To reiterate, Plaintiff plausibly alleges that the MetLife Defendants and the Merritts used the annuity as a vehicle to defraud Hart. Plaintiff does not plausibly allege, however, that Williams misrepresented the value of the annuity, its purpose, or its function, or that the sale of the annuity was inherently fraudulent, as courts within this Circuit require. Consequently, the MetLife Defendants' Motion to Dismiss Plaintiff's sixth claim is GRANTED, and the claim is DISMISSED.
Because there was no violation of 15 U.S.C. § 78j or Rule 10b-5, the corporate MetLife Defendants cannot be held liable for a violation of 15 U.S.C. § 78t under its plain language. --------
III. The Court Declines to Exercise Jurisdiction over the Remaining State-Law Claims.
"In general, where the federal claims are dismissed before trial, the state claims should be dismissed as well." Delaney v. Bank of America Corp., 766 F.3d 163, 170 (2d Cir. 2014) (quoting Marcus v. AT&T Corp., 138 F.3d 46, 57 (2d Cir. 1998)) (internal quotation marks omitted). The "traditional values of judicial economy, convenience, fairness, and comity weigh in favor of declining to exercise supplemental jurisdiction where all federal-law claims are eliminated before trial." Silver v. Entergy Nuclear Operations, Inc., No. 15-CV-1792 (CS), 2017 WL 5508387, at *10 (S.D.N.Y. Nov. 15, 2017) (quoting Kolari v. N.Y.-Presbyterian Hosp., 455 F.3d 118, 122 (2d Cir. 2006)).
Here, because the Court dismissed the only federal claim in the Complaint, it declines to exercise jurisdiction over the remaining state-law claims.

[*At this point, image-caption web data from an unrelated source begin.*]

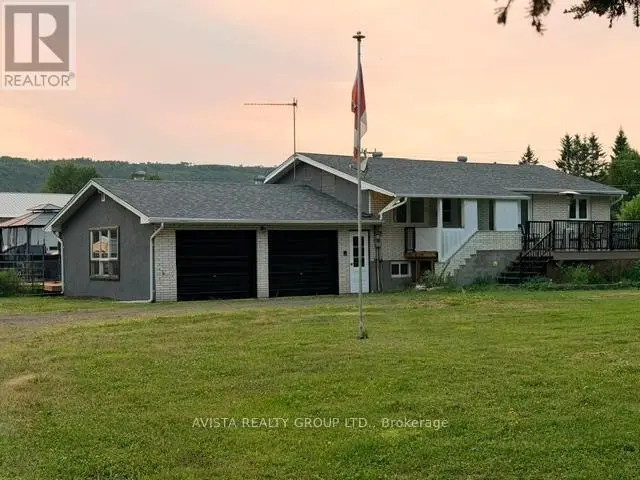 Detached at 5751 HWY 61, Neebing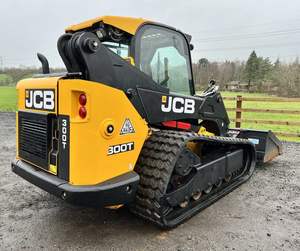 Cargadora Compacta Usada JCB 300T 2025 con Motor JCB, Hidráulica de Alto Flujo, Capacidad de Cucharón de 0.5m y Bomba de Cargador Frontal Usada - Product Image 2
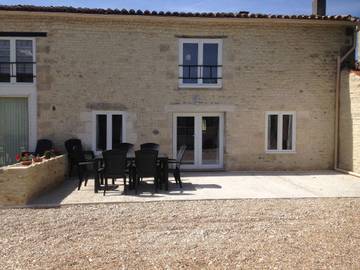 Gîte pour 8 personnes, avec jardin et terrasse à Dœuil-sur-le-Mignon
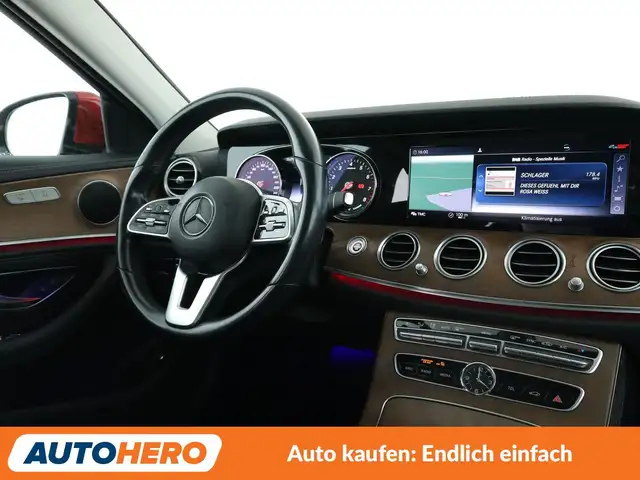 Mercedes-Benz E-Class view 13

See Taylor, 943 F. Supp. 2d at 404 (declining to exercise jurisdiction over state-law claims after dismissing federal-law claims brought under Rule 10b-5).
IV. Amendment Would be Futile.
In her response to Defendants' Motions to Dismiss, Plaintiff asks for leave to amend the Complaint under Federal Rule of Civil Procedure 15(a)(2) if the Court "finds any causes of action insufficient." ECF No. 39 at 10. Under Rule 15(a)(2), the Court "should freely give leave [to amend] when justice so requires."
The Court, however, is not required to grant Plaintiff leave to amend if amendment would be futile, in that "it appears beyond doubt that the plaintiff can plead no set of facts that would entitle [her] to relief." Moss v. BMO Harris Bank, N.A., 258 F. Supp. 3d 289, 312 (E.D.N.Y. 2017) (quoting Milanese v. Rust-Oleum Corp., 244 F.3d 104, 110 (2d Cir. 2001)).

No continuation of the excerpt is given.